Possible warning signs that a child is being bullied include:
– Comes home with torn, damaged, or missing pieces of clothing, books, or other belongings
Has unexplained cuts, bruises, and scratches
Has few, if any friends, with whom he or she spends time
Seems afraid of going to school, walking to and from school, riding the school bus, or taking part in organized activities with peers (such as clubs)
Takes a long, “illogical” route when walking to or from school
Has lost interest in school work or suddenly begins to do poorly in school
Appears sad, moody, teary, or depressed when he or she comes home
Complains frequently of headaches, stomachaches, or other physical ailments
Has trouble sleeping or has frequent bad dreams
Experiences a loss of appetite
Appears anxious and suffers from low self-esteem
School and Teachers Responsibilities: – Teachers in our school take all forms of bullying seriously and intervene to prevent incidents from taking place. They keep their own records of all incidents that happen in their class and that they are aware of in the school.
– If teachers witness an act of bullying, they do all they can to support the child who is being bullied. If a child is being bullied over a period of time, then, after consultation with the Principal, the teacher informs the child’s parents.
– They also refer the case to the school counselor.

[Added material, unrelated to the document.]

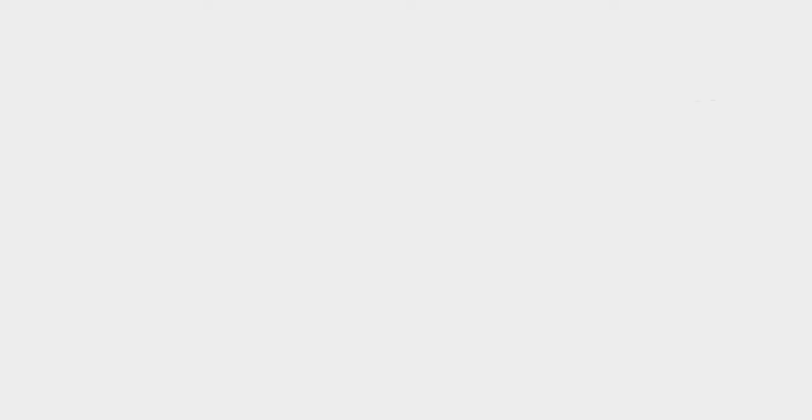That about does it. Hope you liked the video. Subscribe if you want more film-related content — I'm really getting into the film stuff. Like, subscribe, share if you want, and I'll see you in the next one.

– We spend time talking to the child who has bullied: we explain why the action of the child was wrong and we endeavour to help the child change their behaviour in future. If a child is repeatedly involved in bullying other children, we inform the Principal and the counselor. We then invite the child’s parents into the school to discuss the situation.
– Teachers attempt to support all children in their class and to establish a climate of trust and respect for all. By praising, rewarding and celebrating the success of all children, we aim to prevent incidents of bullying.
Parents can play a central role in preventing bullying and stopping it when it happens.
Here are a few things you can do.
Teach kids to solve problems without using violence and praise them when they do.
Give children positive feedback when they behave well to help their build self-esteem. Help give them the self-confidence to stand up for what they believe in.
Ask your children about their day and listen to them talk about school, social events, their classmates, and any problems they have.
Take bullying seriously. Many kids are embarrassed to say they have been bullied. You may only have one chance to step in and help.
If you see any bullying, stop it right away, even if your child is the one doing the bullying.
Encourage your child to help others who need it.
Don’t bully your children or bully others in front of them. Many times kids who are bullied at home react by bullying other kids. If your children see you hit, ridicule, or gossip about someone else, they are also more likely to do so themselves.
Support bully prevention programs in your child’s school. If your school doesn’t have one, consider starting one with other parents, teachers, and concerned adults.